Happily, the program incorporated speakers from the arts, as well, and I think everyone was taken by Joseph Malloch‘s work, which involved the creation of new musical instruments that might be mistaken for post-human prosthetics. One of his creations, which looked like an exo-skeletal secondary spine, is “played” by a dancer who wriggles and writhes in order to achieve a certain visual and auditory aesthetic. The conversation was as fascinating as the presentation for me, because our incredibly tech-oriented audience was focused on the materiality of these objects, their existence as interface, and their programmability (is it an instrument that can be mastered by a prodigy or a program that can be tweaked for a particular aesthetic purpose?)
Perhaps even more shocking: some attendees wanted to debate whether “this was really music or not.” Wow – some things never change ….
I felt very lucky to be able to hear from Frans de Waal about his fascinating and utterly groundbreaking work on ethics and empathy among primates. Many of us humans labor under the false illusion that our less selfish characteristics arose out of the luxurious excesses of human civilization – where we’re so insulated from primal, dog eat dog realities that we can afford to be gracious and kind to other people. But de Waal has designed ingenious experiments demonstrating the empathetic bonds among primates and these animal’s very deep convictions about just and ethical behavior. Be sure to check out his TED talk because the videos will blow your mind.
I was completely bummed that I had to present right after Vytas SunSpiral, the nicest darn robotics engineer you’ll ever meet. He gave a refreshingly clear and cogent talk about a real revolution that’s taking place in robotics. It turns out that we know more about the brain than the spine. While the brain builds models of the world, the spine manages the contact dynamic with the environment. Ever wonder why a chicken can run around with its head cut off? The coordination in the muscles is still there because the spine is a decentralized system – an emergent coordination machine, as it were, which is exactly the kind of thing we need crawling around on other planets. Oh – did I mention that Vytas makes landing gear for interplanetary travel for NASA? Yeah, that’s his day job.

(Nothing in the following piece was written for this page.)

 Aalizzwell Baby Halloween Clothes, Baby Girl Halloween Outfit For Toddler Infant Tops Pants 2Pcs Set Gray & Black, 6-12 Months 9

Vytas argued that the strongest structures we might use for these landing devices might very well be tensile in nature – like the human body, whose strength is more a result of its soft tissue than its underlying bones. The human spine is not held together by the hinges you see in the skeleton in a doctor’s office. It’s the rubbery, bouncy, incredibly resilient fascia that provides our power and flexibility, and provides an ingenious model for future interplanetary space traveling robots – which might end up being “anthropomorphic” in ways we never imagined.

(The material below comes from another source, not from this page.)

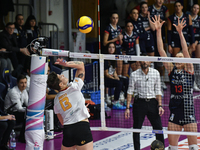 Giulia Melli of SMI Roma Volley is in action during the Serie A1 Tigota match between Reale Mutua Fenera Chieri '76 and SMI Roma Volley at P...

I’ve barely scratched the surface here, but I think you get the gist. Recognizing blur is not an acknowledgement of error, but often the first essential step in correcting a faulty taxonomy of knowledge. I was so fascinated by everyone else’s talks that I couldn’t wait to get off the stage so that I could hear more. (Mine, by the way, was about the future of audience segmentation and the blurring of traditional demographic categories, but I’ll leave that for another post.)